Held (allowing the claim for rectification):

Equity had the power to rectify a written instrument so that it accorded with the true intention of its maker but, being a discretionary remedy, rectification had to be treated with caution. Accordingly, the standard of evidence required that the claimant’s case be established by convincing proof as it contradicted the apparent intention recorded in the document. There had to be a flaw in that document such that it did not give effect to the parties’ intention as distinct from the parties being merely mistaken as to the consequences of what they had intended, the specific intention of the parties had to be shown with a degree of precision and there must be an issue capable of being contested between the parties notwithstanding their consent. In the case of voluntary transactions, such as the deeds of appointment in this case, the relevant test was whether the documents gave effect to the subjective intention of the maker; there was no legal requirement for there to be any outward expression or objective communication of the settlor’s intentions.
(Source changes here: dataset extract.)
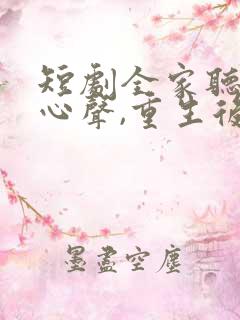 短剧全家听养子心声,重生后我笑了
The trustees were seeking to establish from the evidence the following four elements:

  1. (i) The trust created by the appointments would satisfy the requirements of Section 71D of the 1984 Act and that they had sufficient understanding of what those requirements were;
  2. (ii) A’s children would become entitled to their share of the trust capital if they attained the age of 25;
  3. (iii) Any deferral of a child’s entitlement to capital should be made pursuant to a power of advancement or appointment exercised for the benefit of that child and not by revoking the earlier appointment; and
  4. (iv) The capital and income should be appointed for the benefit of D, E & F in fixed equal shares and not appointed for a class of beneficiaries that had not closed.
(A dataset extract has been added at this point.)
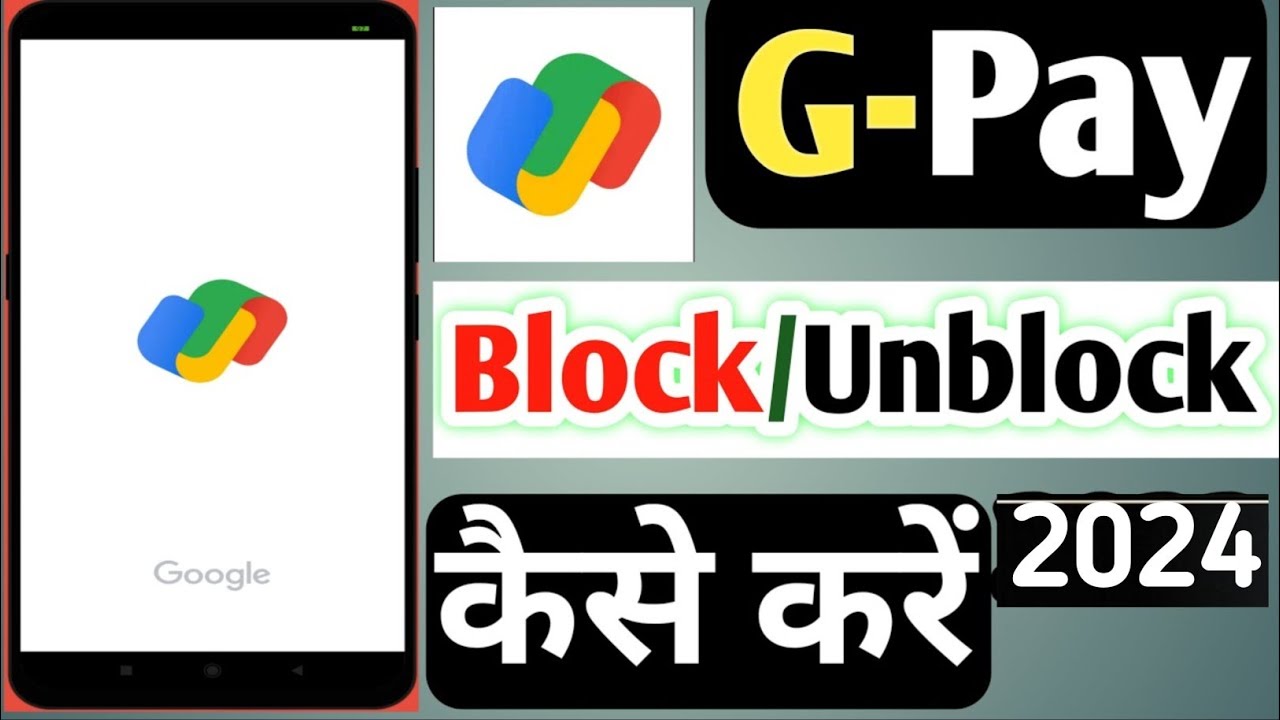googel-pay-mein-block-number-kaise-nikale-2024-google-pay-se-unblock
It was clear from the evidence that the trustees sought to take advantage of Section 71D of the 1984 Act by converting the accumulation and maintenance trusts into age 18-25 trusts as they had been sent a briefing note based on guidance prepared by the Society of Trust and Estate Practitioners and the Chartered Institute of Taxation that had been agreed with HMRC. It was also clear from the minutes of trustees’ meetings that they were considering the position of A’s living children; not the wider class that would have included unborn children. However, it was unfortunate that the language used to refer to the ability to defer the entitlement to capital, using the power of advancement, employed the word ‘revoke’. The evidence established that the trustees were not intending to reserve to themselves the power to revoke the new trusts; only to reserve the ability to defer the entitlement to capital using the power of advancement. Consequently, during the drafting stage, the word ‘irrevocable’ was changed to ‘revocable’ and this remained in the final versions of the deeds of appointment. It followed that, in relation to both settlements, the elements of the claim to rectification were made out. Although fiscal considerations lay behind the claim, its focus was on the failure of the lawyers acting for the trustees to implement their instructions satisfactorily. It followed that it was unnecessary to consider the case on construction.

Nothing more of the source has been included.